▸ WHAT IS REQUIRED
Every line containing the string "Business" should be returned from the records.

▸ GIVEN DATA
====
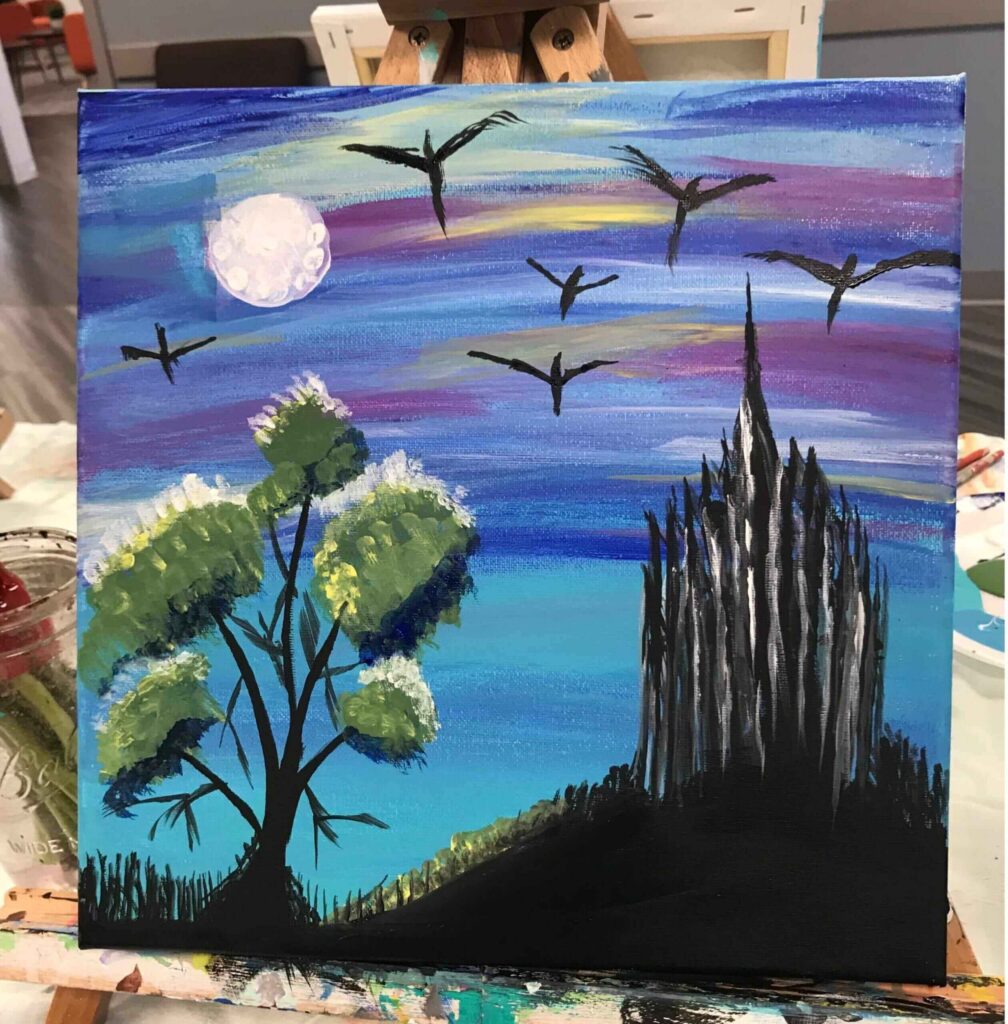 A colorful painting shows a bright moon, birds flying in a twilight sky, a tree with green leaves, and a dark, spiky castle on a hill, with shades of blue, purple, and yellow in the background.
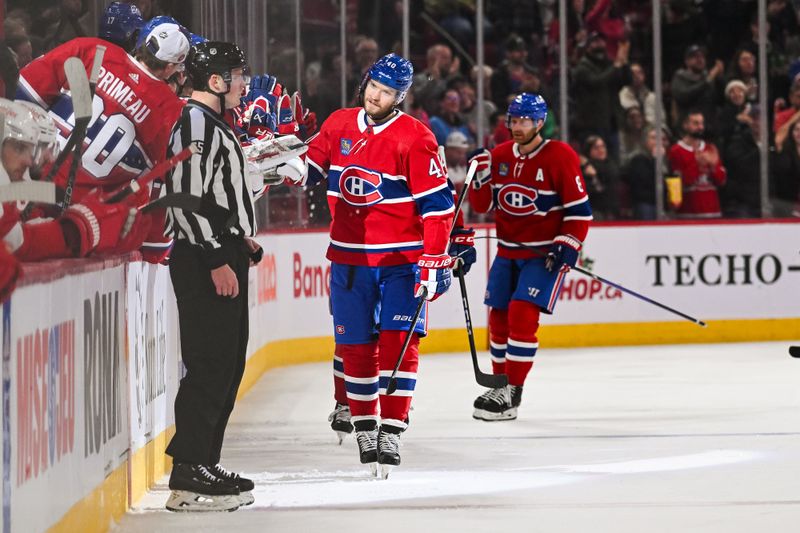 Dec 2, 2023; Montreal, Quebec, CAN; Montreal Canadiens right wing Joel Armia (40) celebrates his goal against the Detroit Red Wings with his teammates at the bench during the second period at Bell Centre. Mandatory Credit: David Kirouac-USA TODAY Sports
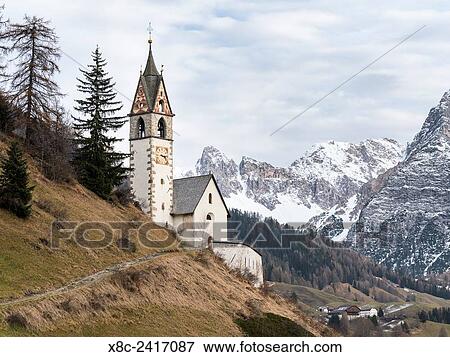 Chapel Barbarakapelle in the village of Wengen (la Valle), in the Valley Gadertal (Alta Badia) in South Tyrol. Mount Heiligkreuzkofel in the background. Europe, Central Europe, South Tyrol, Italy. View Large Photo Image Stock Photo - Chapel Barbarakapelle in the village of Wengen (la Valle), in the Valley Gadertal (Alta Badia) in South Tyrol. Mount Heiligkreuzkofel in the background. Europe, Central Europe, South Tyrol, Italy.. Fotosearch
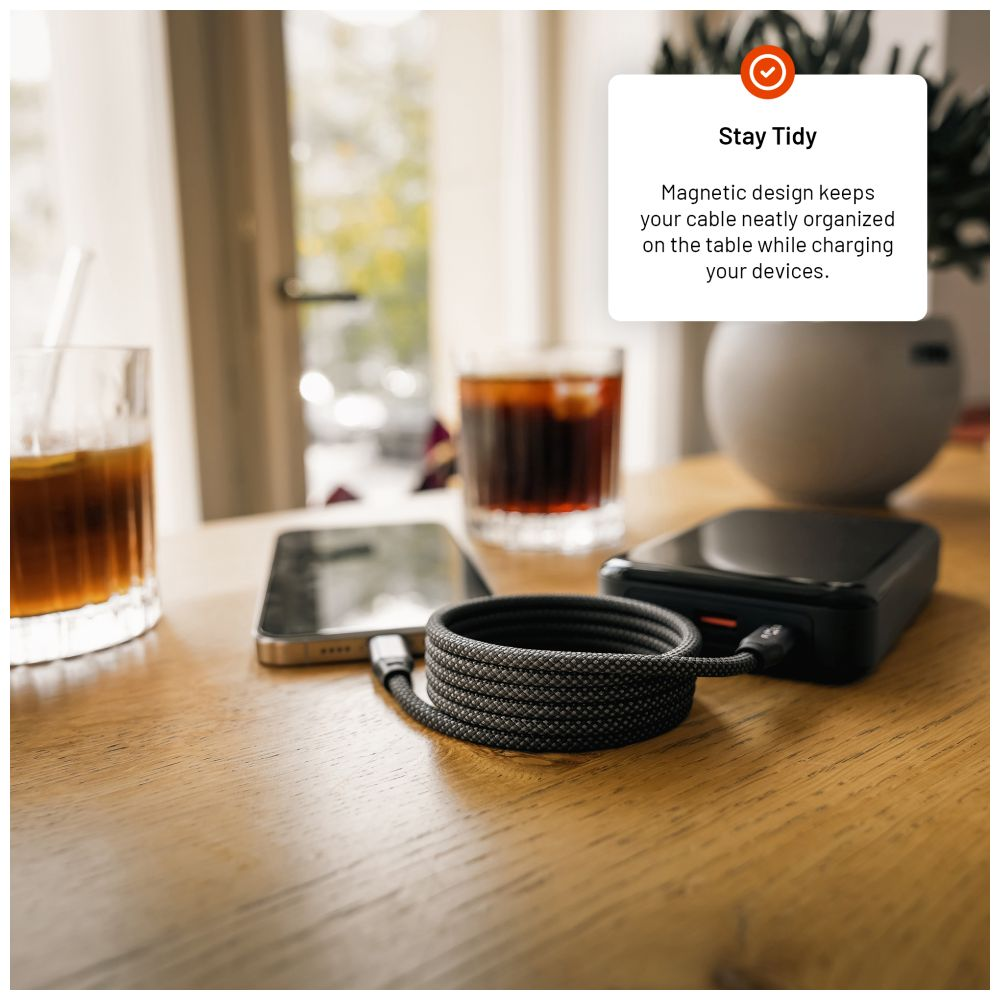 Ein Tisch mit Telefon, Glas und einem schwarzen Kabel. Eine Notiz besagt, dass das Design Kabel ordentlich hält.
====
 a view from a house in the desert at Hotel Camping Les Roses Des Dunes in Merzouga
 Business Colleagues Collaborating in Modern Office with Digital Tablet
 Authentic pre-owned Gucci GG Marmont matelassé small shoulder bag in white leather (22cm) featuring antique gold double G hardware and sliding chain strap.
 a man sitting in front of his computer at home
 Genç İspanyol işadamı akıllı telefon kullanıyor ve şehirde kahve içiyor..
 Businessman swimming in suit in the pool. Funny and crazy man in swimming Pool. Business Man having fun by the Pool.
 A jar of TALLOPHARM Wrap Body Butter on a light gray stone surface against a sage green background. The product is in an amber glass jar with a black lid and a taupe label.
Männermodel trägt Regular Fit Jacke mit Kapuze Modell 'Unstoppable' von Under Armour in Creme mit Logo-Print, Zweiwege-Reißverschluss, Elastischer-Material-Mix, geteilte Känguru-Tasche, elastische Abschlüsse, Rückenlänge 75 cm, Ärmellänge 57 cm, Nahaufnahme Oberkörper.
====
▸ RESPONSE
 Business Colleagues Collaborating in Modern Office with Digital Tablet
 Businessman swimming in suit in the pool. Funny and crazy man in swimming Pool. Business Man having fun by the Pool.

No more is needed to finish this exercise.